**AVAILABLE DATA**
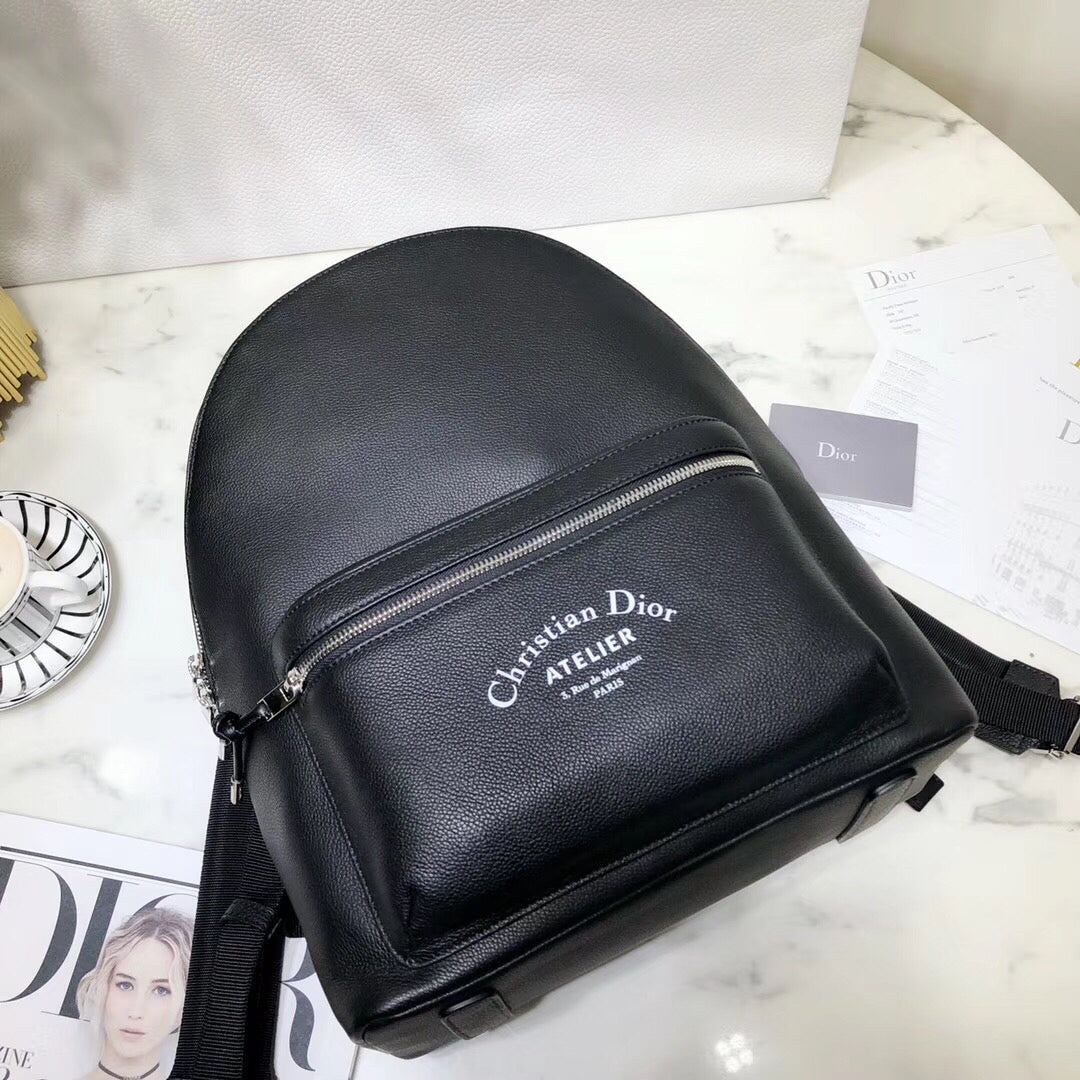 Luxury DiorRider Rucksack Backpack In Black Calfskin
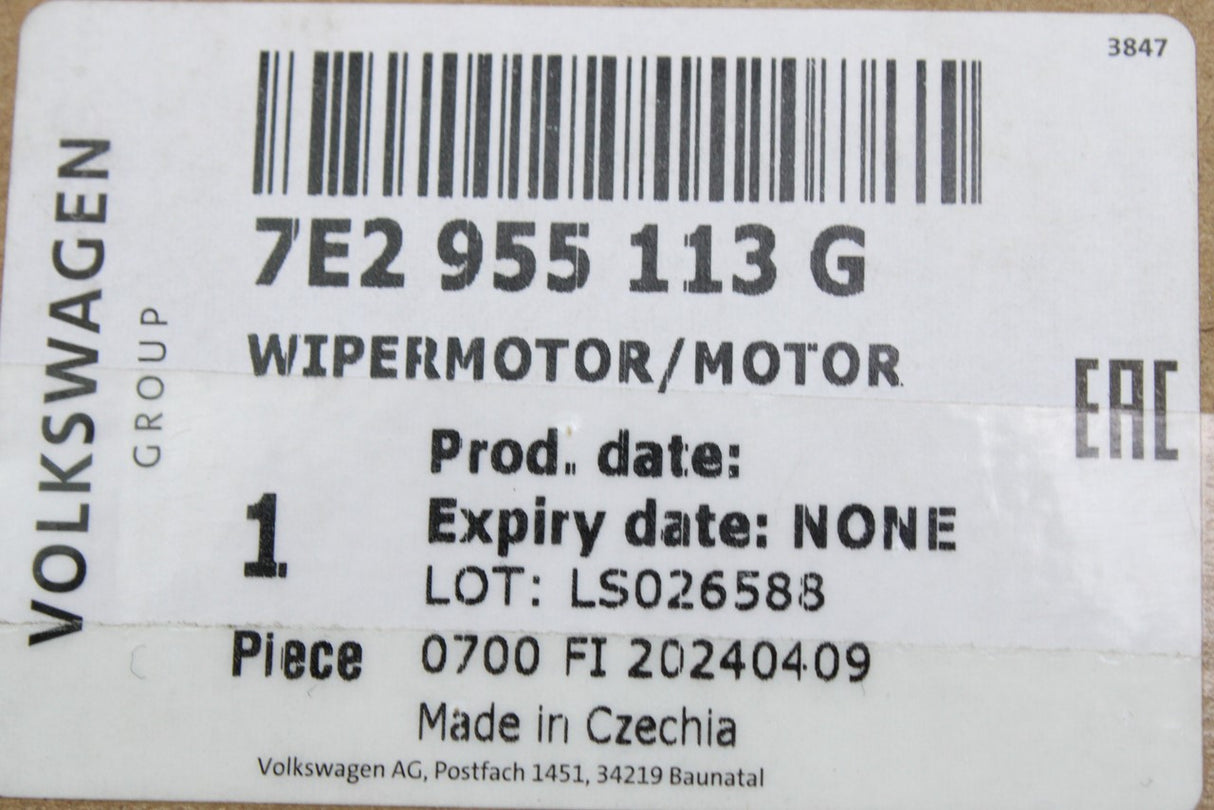 VW Transporter T5 T5.1 T6 T6.1 Amarok RHD wiper motor 7E2955113G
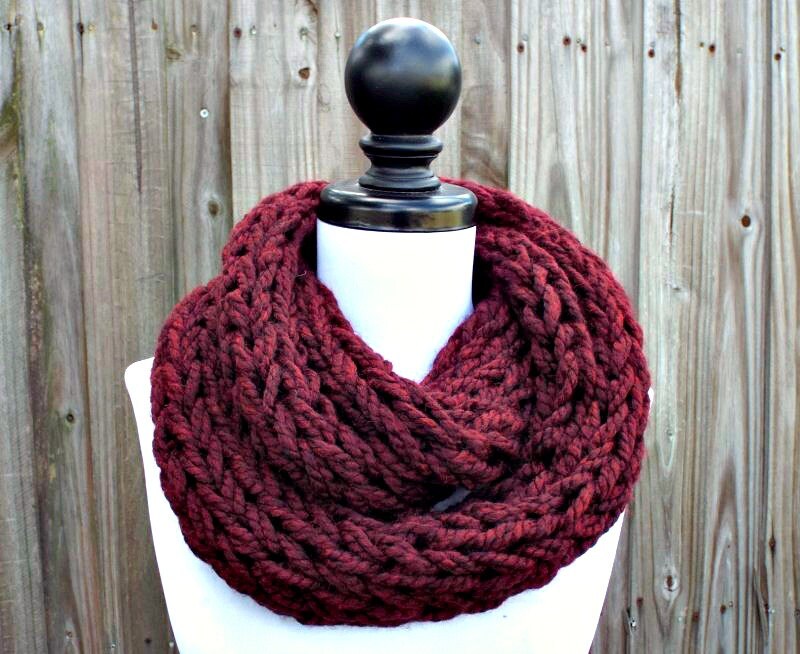 Thick Cowl Scarf Womens Knit Circle Scarf Polar Infinity Cowl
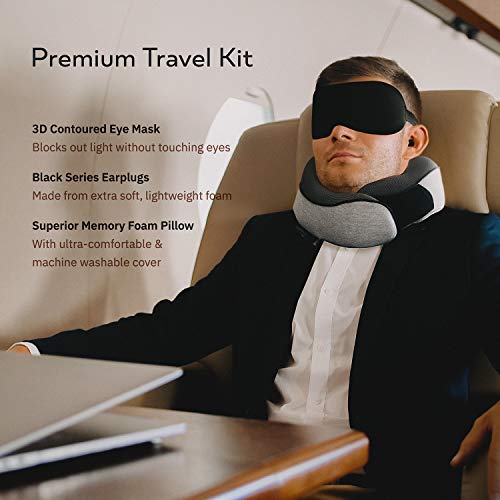 Orthopedic Memory Foam Travel Neck Pillow Set with Eye Masks and Earplugs R36977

**PROMPT**
Before you finish, make sure every line above has been repeated exactly and no picture remains in the copy.

**SOLUTION TO THIS PROBLEM**
 Luxury DiorRider Rucksack Backpack In Black Calfskin
 VW Transporter T5 T5.1 T6 T6.1 Amarok RHD wiper motor 7E2955113G
 Thick Cowl Scarf Womens Knit Circle Scarf Polar Infinity Cowl
 Orthopedic Memory Foam Travel Neck Pillow Set with Eye Masks and Earplugs R36977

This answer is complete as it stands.